Lines 25 to 28 in d29bc04

    
           def get_available_devices(): 
        
               if 'gpu' not in _info.resources: 
        
                   return [] 
        
               return _info.resources['gpu'].addresses

in _get_assigned_gpu_or_default.

horovod/horovod/spark/common/util.py

Lines 766 to 774 in d29bc04

    
           def _get_assigned_gpu_or_default(default): 
        
               from horovod.spark.task import get_available_devices 
        
               available_devices = get_available_devices() 
        
               if available_devices: 
        
                   # if GPU-aware scheduling is available, pin to the assigned GPU index 
        
                   return int(available_devices[0]) 
        
               else: 
        
                   # pin to default GPU index (local rank) 
        
                   return default

And the get_available_devices will get the devices by calling _get_resources.

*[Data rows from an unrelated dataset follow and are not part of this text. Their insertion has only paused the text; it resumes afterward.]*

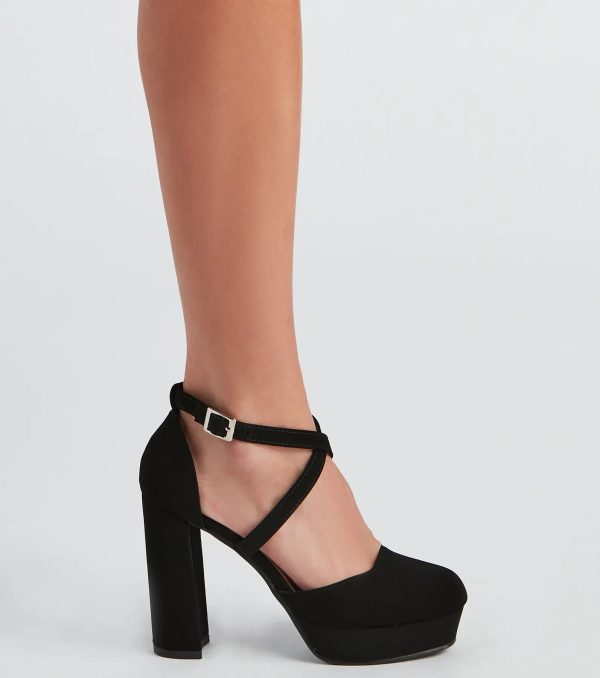 It-Girl Moment Platform Pumps - Image 3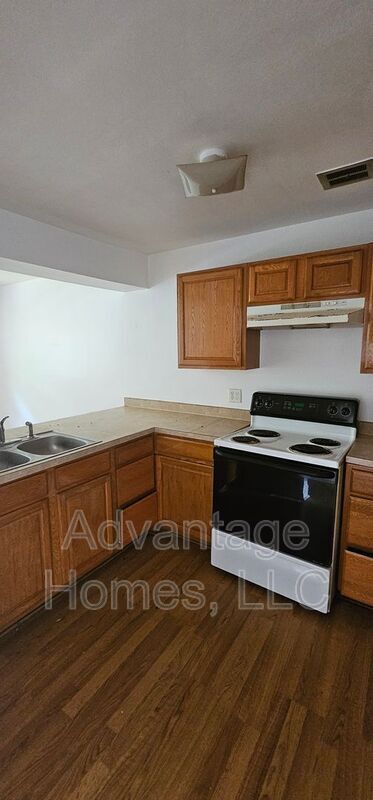 Building Photo - 805 N 70th St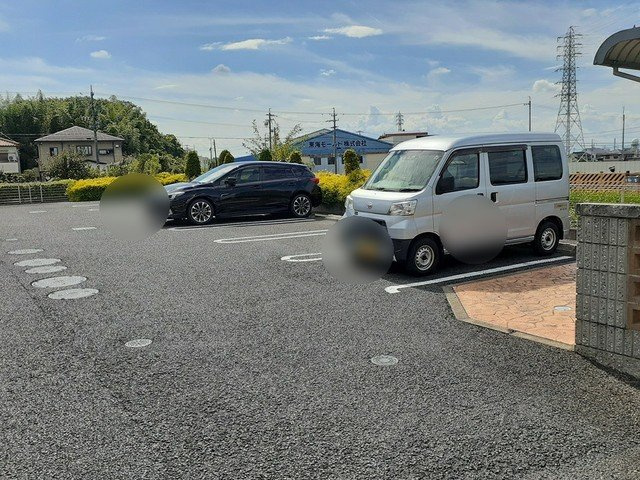 メゾン　ララリの駐車場|車をお持ちの方に嬉しい駐車場付きの物件です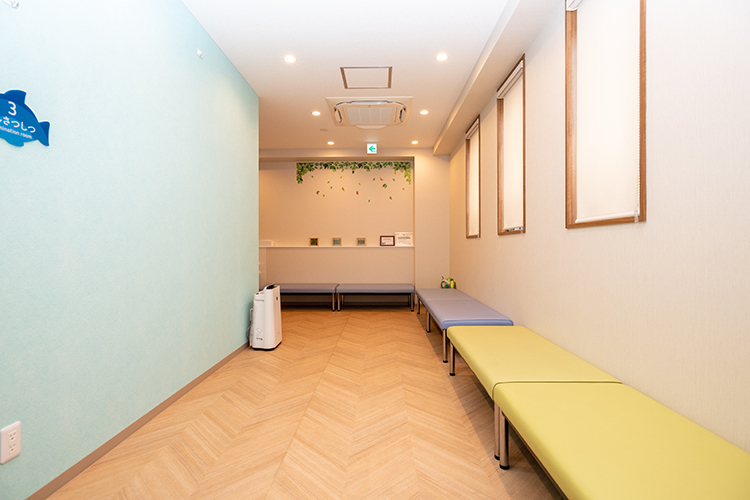 オハナこどもクリニック赤羽 北区 感染・非感染で分離した待合室・診察室を備えている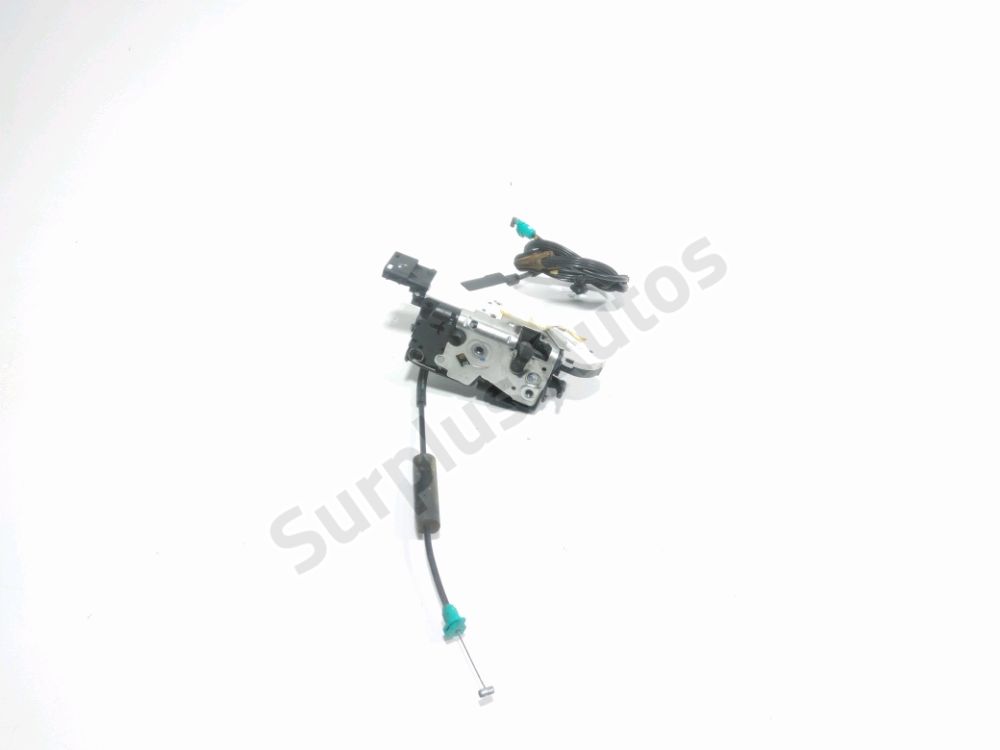 Serrure de porte avant droite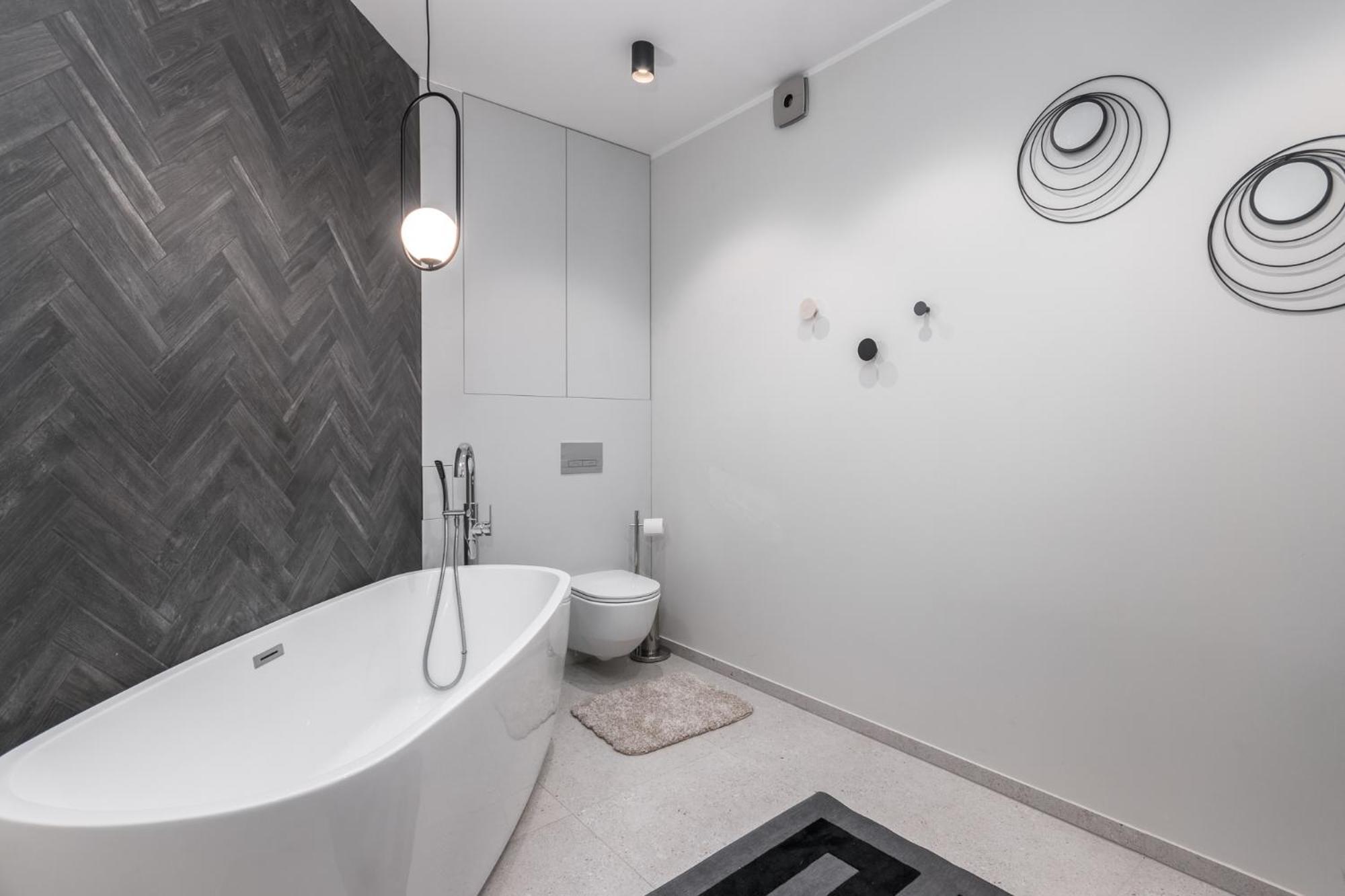 Terrific First-class In Town Center Apartament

horovod/horovod/spark/task/task_service.py

Lines 98 to 107 in d29bc04

    
           def _get_resources(self): 
        
               if version.parse(pyspark.__version__) >= version.parse('3.0.0'): 
        
                   task_context = pyspark.TaskContext.get() 
        
                   if task_context: 
        
                       return task_context.resources() 
        
                   else: 
        
                       # task_context is None when not run on Spark worker 
        
                       # this only happens while running test_spark.test_task_fn_run_gloo_exec() 
        
                       print("Not running inside Spark worker, no resources available") 
        
               return dict()

It works well in single-GPU per node clusters. However, when it comes to clusters with multi-GPUs per node. Wrong GPU index may be returned.

For spark clusters, usually getGpusResources.sh is used for discovering GPU resources.

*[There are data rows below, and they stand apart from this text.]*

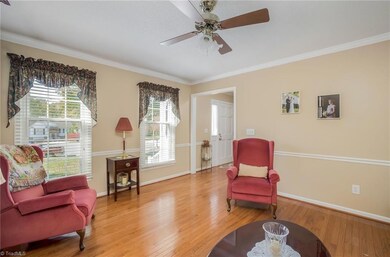 4004 Red Oak Ct, High Point, NC 27265 - photo 6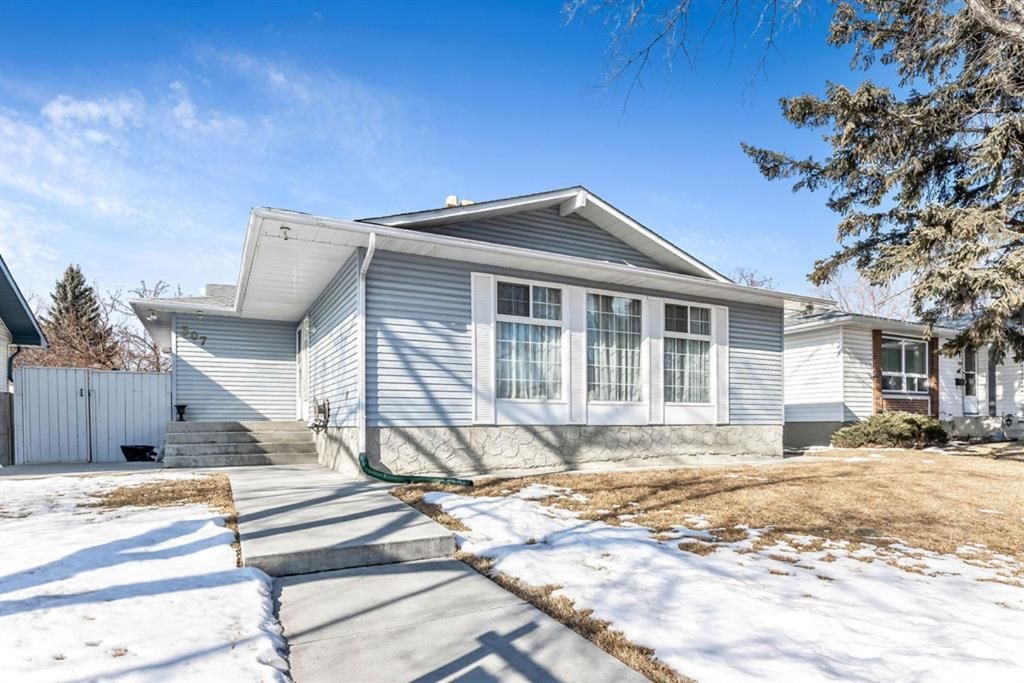 Main Photo: 307 Whiteview Road NE in Calgary: Whitehorn Detached for sale : MLS®# A1184956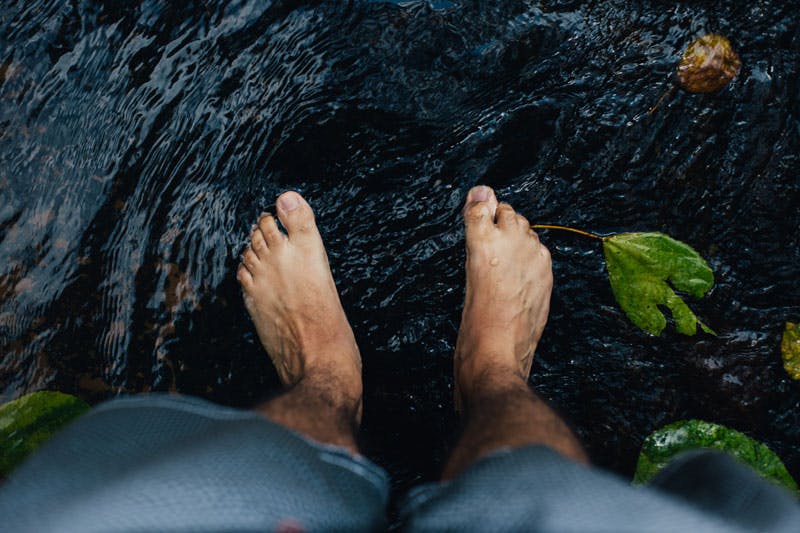 Zur Schönheitspflege gehört auch Nagelpflege für Männer - Tipps dazu gibt es am Healthy Life Blog.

For clusters with multi-GPUs per node, if multi-GPUs are assigned to one executor, then the resources will be like:

In this case, _get_resources will return {"name": "gpu", "addresses":["0","1"]}, thus _get_assigned_gpu_or_default will always return 0, which then be pined to different horovod processes. As a result, only one GPU (always index 0) of each node can be used by horovod spark estimators.

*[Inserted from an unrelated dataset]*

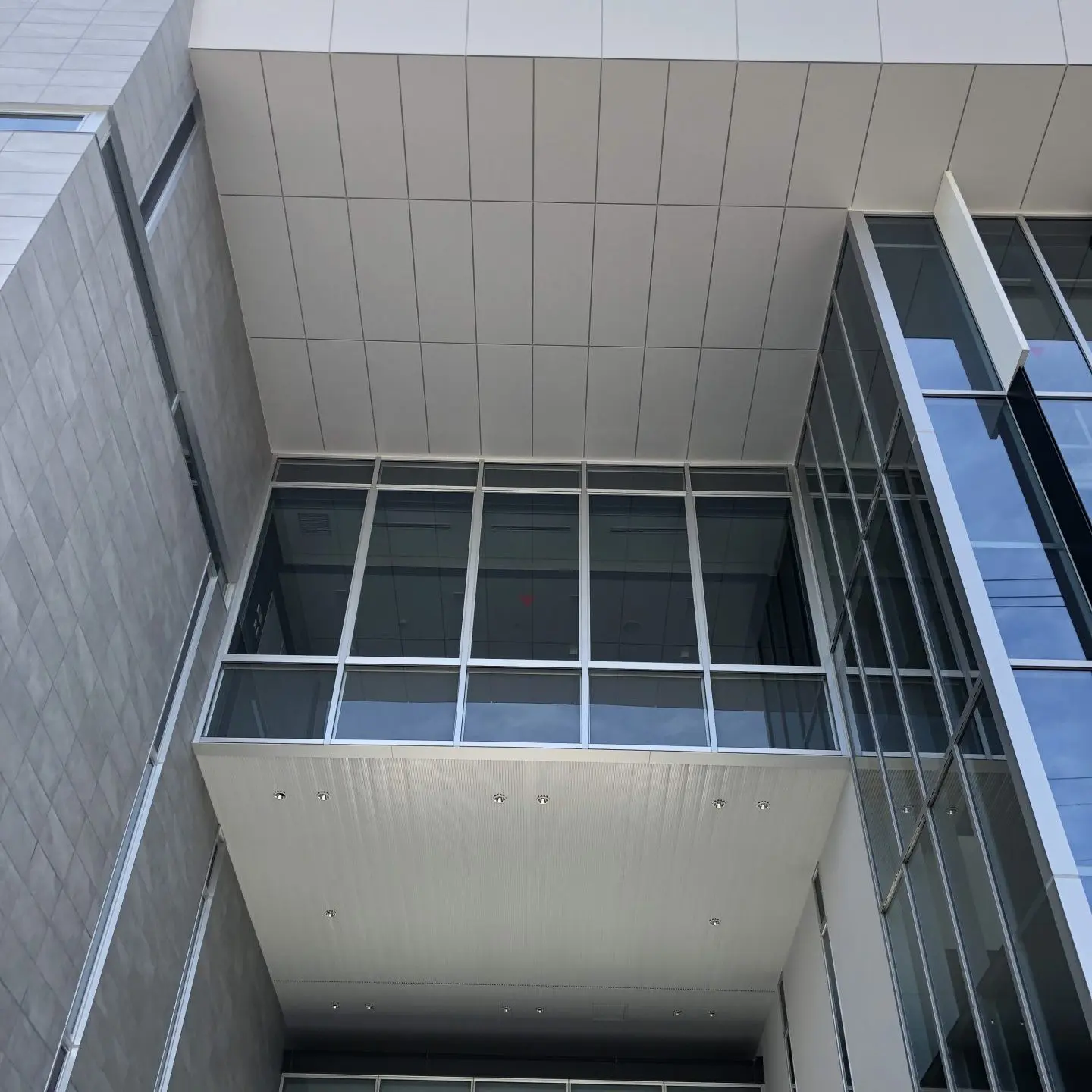 砺波工業株式会社　社屋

If one GPU is assigned to one executor, then the resources will be like:

In this case, still only one GPU (always index 0) of each node can be used by horovod spark estimators.

Only when each node has multi-executors and each executor has been assigned different GPUs, will all the GPUs be available to horovod spark estimators. Like below:

However, in this case, GPUs must be configured in EXCLUSIVE_PROCESS mode. Unfortunately, for spark clusters with GPUs, spark-rapids is usually needed. Which means, if we configure GPUs in EXCLUSIVE_PROCESS mode, we can only use spark-rapids or horovod, but not both.

To solve the issue, and let us use all GPUs in all nodes, and leverage both spark-rapids and horovod seems to be meaningful.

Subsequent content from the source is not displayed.